Gott regiert anders

Sonntagsbotschaft zum 13. September 2026,
dem 24. Sonntag im Jahreskreis (Lesejahr A).  

Durch die Vielfalt alltäglicher Situationen hindurch gingen sie miteinander. Sie waren auf der Suche nach einem wirklich guten Geist unter den Menschen. Und sie waren überzeugt: Jesus ist uns dabei ein guter Anführer. Gemerkt hatten sie schon, wie wertvoll sich manche schlimme Situation verbessert, wenn sie sich von ihm auf einen Ausweg leiten lassen. Gottes andere Art, seinen menschenfreundlichen Geist suchten sie jetzt, als herrschende Kraft zu erleben – gerade dort, wo Belastungen überhandnehmen und Probleme unlösbar erscheinen.

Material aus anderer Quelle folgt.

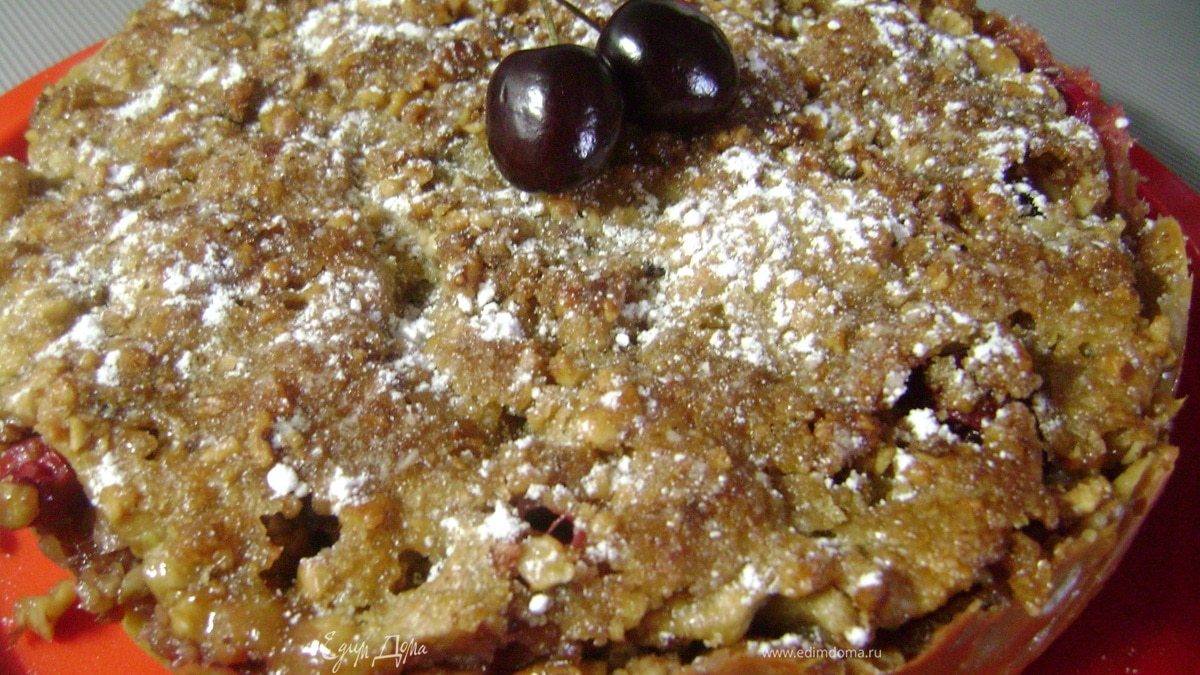 Фруктово-ягодный пирог с хрустящей корочкой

Da kamen natürlich viele Fragen auf. Das Matthäus-Evangelium erzählt ausgiebig davon.

In dem Abschnitt, der für diesen Sonntag vorgesehen ist, geht es um die Frage: Wenn wir Gottes befreiende Herrschaft bei uns erleben wollen, wie soll das denn gehen, wo wir doch andauernd und immer wieder sehen müssen, wie „verbohrt“, wie „unfähig“, wie „egoistisch“, wie „unmöglich“ … Menschen sich verhalten – in der kleinen Nachbarschaft wie in der großen Politik?! Hier bezieht Petrus seine Frage sogar auf das Miteinander „unter Brüdern“, also in der Glaubensgemeinschaft!

Gespräche zwischen Konfliktparteien wie auch Berichte und Meinungen in öffentlichen Informationsmedien sollten ja eigentlich einer Auflösung von Konflikten dienen. Sie sind aber immer wieder angefüllt von Vorwürfen wie „zerstörerisch“, „kontraproduktiv“ oder „erpresserisch“, „kriminell“, „korrupt“, „unehrlich“ bis „verlogen“, „kurzsichtig“ bis „blind“ … Da wird dann die Versuchung stark, mit Gewalt, mit allen Möglichkeiten der eigenen Durchsetzungskraft allen schuldhaften Verhaltensweisen einen Riegel vorzuschieben.

Auch in der Politik. Schuldzuschreibungen haben Hochkonjunktur – noch dazu in der Sprache der Gewalt. Statt Zusammenhänge und Motivationen aufzuklären und auf Grundlage gemeinsam anerkannter Werte Auswege zu diskutieren, sind auf allen Seiten die Reaktionsmuster eingeengt auf eine schnelle Verurteilung der anderen Seite.

Da machen die einen Flugzeuge zur Waffe und bringen Tausende zu Tode – in der Hoffnung, dadurch die Welt zu verändern; der 25. Jahrestag macht das bis heute unverminderte Erschrecken bewusst.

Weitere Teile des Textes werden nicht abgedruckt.